Market Inflation Expectations And Real Rates

Is the inflation scare bubble over?

As of yesterday, the five year inflation breakeven was 2.5%, down from 2.72% in mid-May. The estimated inflation risk and liquidity premia adjusted 5 year breakeven was 1.62% as of 7/30 (when the corresponding actual breakeven was 2.56%).

Figure 1: Five year inflation breakeven calculated as five year Treasury yield minus five year TIPS yield (blue), five year breakeven adjusted by inflation risk premium and liquidity premium per DKW (red), all in %. NBER defined recession dates shaded gray (from beginning of peak month to end of trough month). Source: FRB via FRED, Treasury, KWW following D’amico, Kim and Wei (DKW) accessed 8/5, NBER and author’s calculations.

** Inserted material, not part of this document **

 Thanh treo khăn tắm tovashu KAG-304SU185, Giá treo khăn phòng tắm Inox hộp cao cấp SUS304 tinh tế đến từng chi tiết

Figure 2: Ten year inflation breakeven calculated as ten year Treasury yield minus ten year TIPS yield (blue), ten year breakeven adjusted by inflation risk premium and liquidity premium per DKW (red), all in %. NBER defined recession dates shaded gray (from beginning of peak month to end of trough month). Source: FRB via FRED, Treasury, KWW following D’amico, Kim and Wei (DKW) accessed 8/5, NBER and author’s calculations.

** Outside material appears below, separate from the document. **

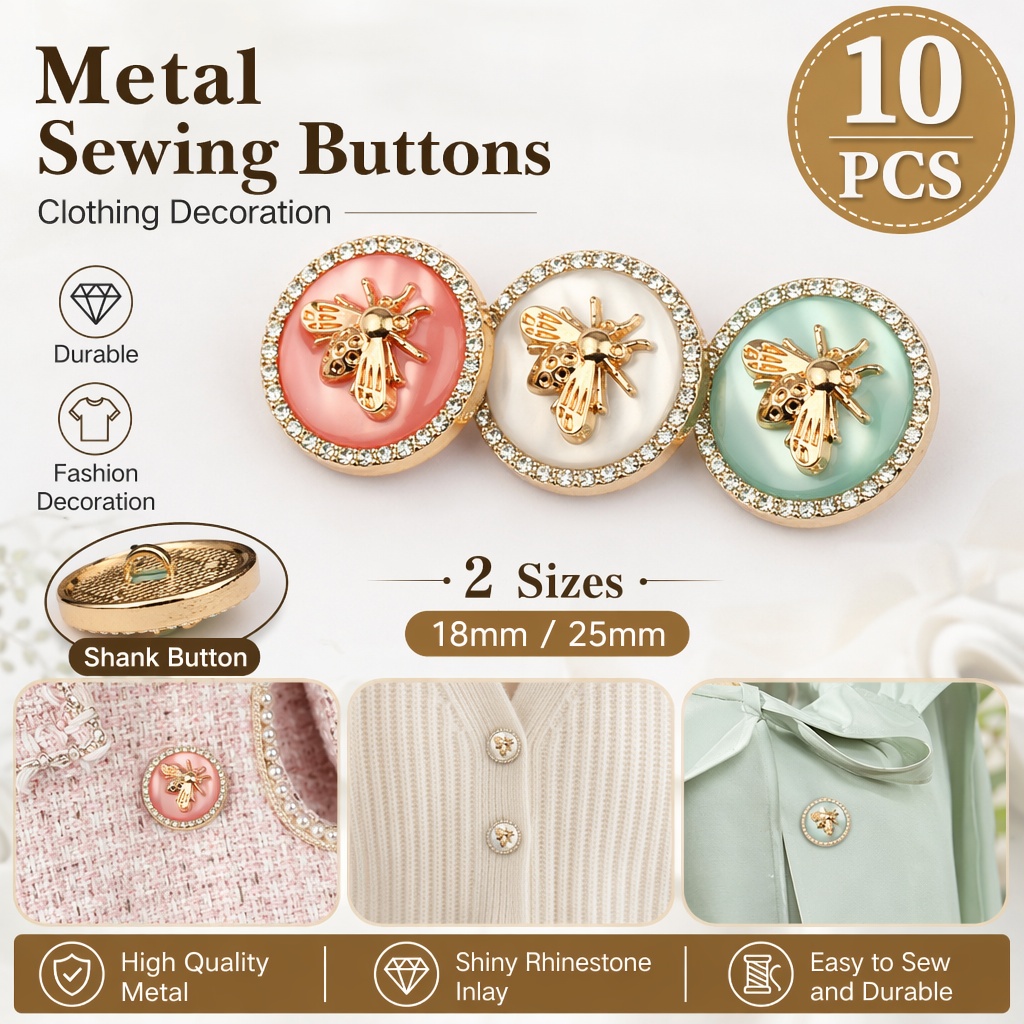Button Hole Cutter - 10Pcs Rhinestone Bee Metal Decorative Buttons,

As Gagnon and Sarsenbayev noted earlier this year, market-based expectations of inflation have not been particularly good at predicting actual inflation. I concur, as discussed in this post, but I think measures purged of extreme events related to liquidity premia are probably slightly better at prediction.

That being said, medium term inflation expectations are what matters for the position of the Phillips curve, as discussed in this post.

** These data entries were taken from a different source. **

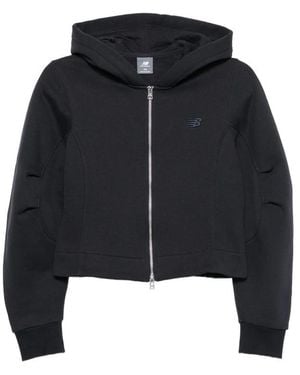 New Balance Logo-Embroidered Zip-Up Hoodie - Black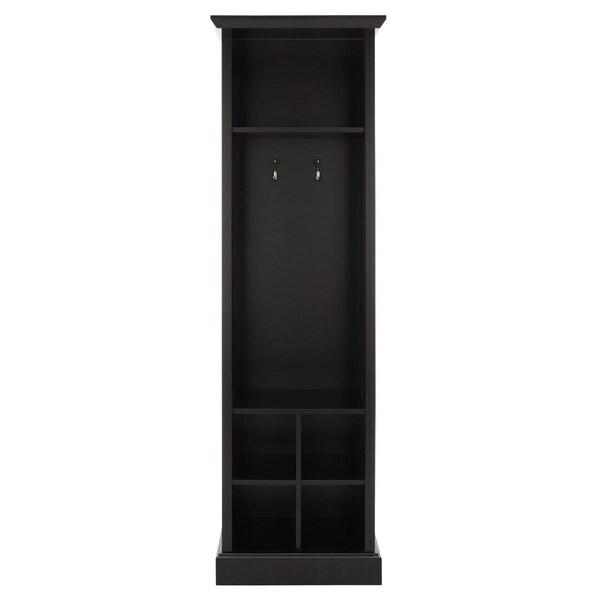 Safavieh 20 x 16 x 68 in. Surrey 6-Shelf 2-Hook Bottom Storage Hall Tree, Black - ETG2101B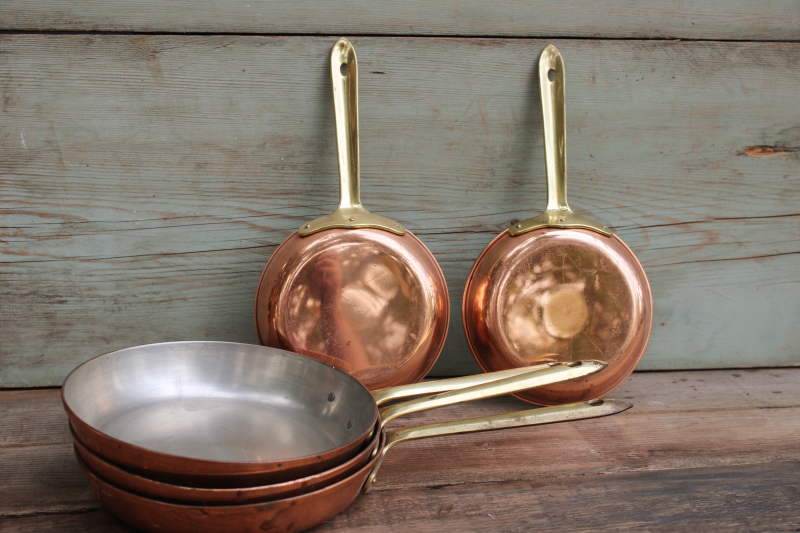 photo of lot of five vintage copper pans, small saute or saucepans w/ brass handles, french country kitchen style  #2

Even if the market has rational expectations (in equilibrium – sometimes that’s called FIRE), that only means it’s correct on average. What’s true is the “internet”‘s interest has waned.

(Click on image to enlarge)

Figure 3: Five year inflation breakeven calculated as five year Treasury yield minus five year TIPS yield (blue), five year breakeven adjusted by inflation risk premium and liquidity premium per DKW (red), all in %, and Google Trends search index for “Inflation” in US. NBER defined recession dates shaded gray (from beginning of peak month to end of trough month). Daily Treasury data averaged to weekly. Source: FRB via FRED, Treasury, KWW following D’amico, Kim and Wei (DKW) accessed 8/5, NBER and author’s calculations.